RE: "cross-site"

You mean "must" NOT share data with others, correct? Agree...although
perhaps dealt with via definition of a first party as someone who does not
passively share data with third parties.

-----Original Message-----
From: John Simpson [mailto:john@consumerwatchdog.org] 
Sent: Wednesday, November 16, 2011 10:46 PM
To: Jules Polonetsky
Cc: Nicholas Doty; Roy T. Fielding; Mark Nottingham; Karl Dubost;
<public-tracking@w3.org>
Subject: Re: "cross-site"

I think there are some "must" requirements on first party sites.
specifically they must share data with others ...

----------------
John M. Simpson
Consumer Advocate
Consumer Watchdog
Tel: 310-392-7041
 

On Nov 16, 2011, at 7:24 PM, "Jules Polonetsky"
<julespol@futureofprivacy.org> wrote:

> I thought there was consensus that requirements on first parties were
"may"
> and third parties were "must" or "shall".
> 
> -----Original Message-----
> From: Nicholas Doty [mailto:npdoty@w3.org]
> Sent: Wednesday, November 16, 2011 10:20 PM
> To: Roy T. Fielding
> Cc: John Simpson; Mark Nottingham; Karl Dubost; public-tracking@w3.org 
> WG
> (public-tracking@w3.org)
> Subject: Re: "cross-site"
> 
> On Nov 16, 2011, at 12:43 AM, Roy T. Fielding wrote:
> 
>> On Nov 15, 2011, at 2:59 PM, John Simpson wrote:
>> 
>>> Perhaps I am missing something, but I don't understand why we need 
>>> the
> reference to "cross-site" nor to "across sites."  As a user I want to 
> send a clear and unambiguous signal that I do not wish to be tracked.  
> I may be persuaded that first party sites and third party sites have 
> different obligations when my message is received, but I definitely 
> want both first and third party sites to get my message.

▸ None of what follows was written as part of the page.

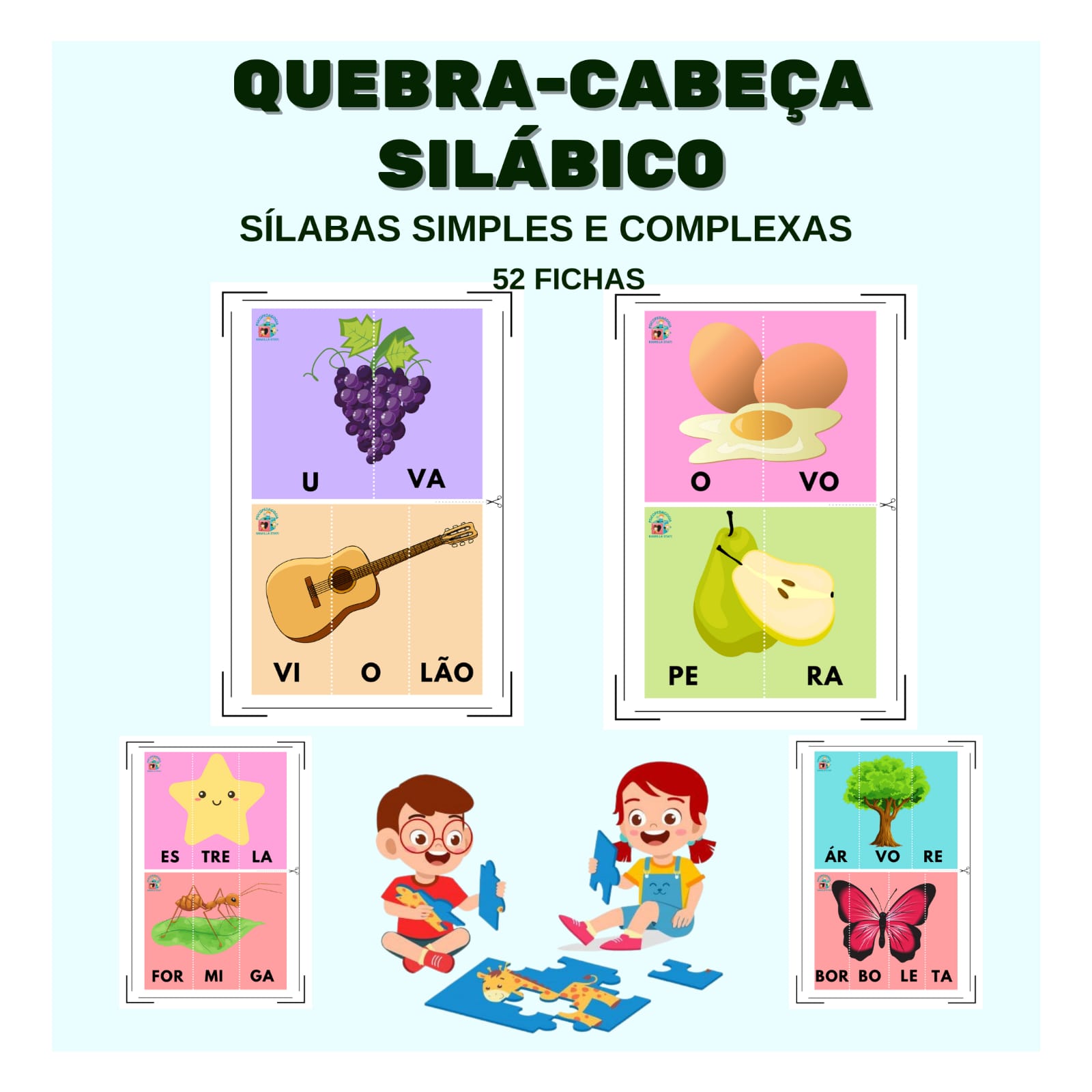 QUEBRA-CABEÇA SILÁBICO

Thus, I 
> believe the specification should simply read:
>>> 
>>> "This specification defines the technical mechanisms for expressing 
>>> a
> tracking preference via the DNT request header field in HTTP."
>> 
>> No, we've already had this conversation.
>> 
>> We chose to make exceptions for analytics and first-party-exclusive
> tracking from the preference expression because they are not a privacy 
> concern, they do match user expectations, and are necessary for DNT 
> adoption.
> 
> As John points out, while we do seem to agree that first and third 
> parties may have different requirements, I'm not aware of a consensus 
> decision that first parties are entirely excepted from the standards. 
> In fact, the compliance document currently contains a "First Party 
> Compliance" section,
> ISSUE-17 remains open and first parties could provide meaningful 
> responses with the proposed response header.
> 
> I also don't remember us choosing to grant an exception for analytics, 
> besides highlighting that for later discussion. ISSUEs 23 and 24 
> haven't been opened yet, though the work on 73 suggests a direction 
> for one type of analytics.
> 
>> The combination of those two choices requires that we place an 
>> adjective
> before tracking in order to properly define the meaning of the header
field.
> "cross-site" is good enough for me.  We can replace it if somebody 
> comes up with a better shorthand term.
> 
> I'd be happy with John's suggested text, or with whatever language we 
> land on in the compliance document (there are open issues there about 
> "behavioral" as a potential modifier for this purpose).